WORK REQUEST » Transcribe all of the listing below in full.

DATA »
# # #

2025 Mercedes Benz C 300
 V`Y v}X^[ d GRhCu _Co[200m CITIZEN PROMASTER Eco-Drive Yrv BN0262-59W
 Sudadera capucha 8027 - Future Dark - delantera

# # #

TASK OUTPUT »
2025 Mercedes Benz C 300
 V`Y v}X^[ d GRhCu _Co[200m CITIZEN PROMASTER Eco-Drive Yrv BN0262-59W
 Sudadera capucha 8027 - Future Dark - delantera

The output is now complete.